It is Robert Yagelski who most strongly invokes the ontological relationship between symbols and the material, natural world. He writes:
Lately, prompted by the need to reconcile my embrace of Freire’s transformative vision with my own growing uneasiness about the role that western literacy seems to play in the ongoing destruction of our planet [ … ] I have come to see that in addition to its social consequences, literacy—more specifically, writing—also has ontological consequences. Indeed, the social consequences of literacy might well arise from its ontological implications. (emphases in the original, 58)
Yagelski, like Kate Vieira—to whom he is responding in his essay in the inaugural issue—is concerned with the consequences of literacy, particularly the possible ontological consequences felt in the material world. Yagelski points to the fact that Freire’s pedagogy is a literacy of liberation designed to help peasants overcome political and economic oppression (56). Interestingly, in her discussion of a place-based writing pedagogy, Arlene Plevin also invokes Freire’s pedagogy of liberation to prevent the oppression of the natural world, as she extends Freire’s idea of being “fully human” to include “awareness, respect, and consciousness for nonhuman” (153). Both Yagelski and Plevin recognize the relationship between literacies and oppressive acts that adversely affect human agents and their ecological communities, the very communities we depend upon for wellness and survival.

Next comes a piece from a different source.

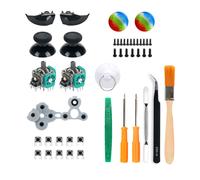 Kit de réparation de joystick de remplacement pour manette Xbox One, comprenant un module pour corriger les problèmes de dérive et de jeu des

Arguably, Kenneth Burke is the first in rhetorical studies to raise the idea of ecological literacy when he suggests in Attitudes Toward History that ecology is one science to which we will need to pay more attention in the future. Burke’s ecological perspective on language has long been a topic for rhetorical scholars. Randall Roorda refers to Burke as a “critical ecologist” who employs adaptive terminologies in the study of symbol use (“KB in Green” 173). Marika Seigel points out that during the time Burke was writing Attitudes Toward History, the science of ecology was well established and “increasingly coming to the forefront of public consciousness and debate” (389). Burke certainly would have been well aware of the ecological devastation that led to the Dust Bowl and the ecological conversation surrounding it (389). As the 1930s was a decade when ecology as a science was growing in scope, and when ecological communities, particularly in the Midwest, were experiencing catastrophic change, Burke would not have been a stranger to the theories and terministic screens of ecology. Despite its rise, ecology at the time Burke penned Attitudes Toward History was still a fairly young science, and that Burke drew from ecology to formulate his theories, as many scholars contend, is quite remarkable and marks the beginning of ecological thought in rhetorical studies.
Since Burke, the field of composition-rhetoric has developed a bit of a duality in the way it engages with ecological thought. Some scholars adopt ecological concepts in very broad ways, often wholly metaphorical. Others hold more closely to the actual goals and concerns of the discipline of ecology, i.e., the preservation, protection, and health of our physical environment. Following some half-century after Burke, Marilynn Cooper postulates an “ecology of writing” using the metaphor of a web to demonstrate the interconnectedness of writers and their environments. Margaret Syverson theorizes writing emerging from complex systems where writers engage agents and structures within social, physical, and embodied environments. Jenny Edbauer’s distributed rhetorical ecologies expand beyond discrete rhetorical situations toward the fluidity of rhetorical exchanges. And for Dyehouse, Pennell, and Shamoon ecology, along with “writing environments,” is a generative concept-metaphor; however, they settle finally on “environmental literacy” as a way to better understand and teach students to navigate the material and digital environments in which they write. Dyehouse, Pennell, and Shamoon connect information ecologies, which “highlight humans’ interaction with technologies” and digital literacy, but, admittedly, they invoke ecology largely as metaphor, despite their interest in the materiality of literacy.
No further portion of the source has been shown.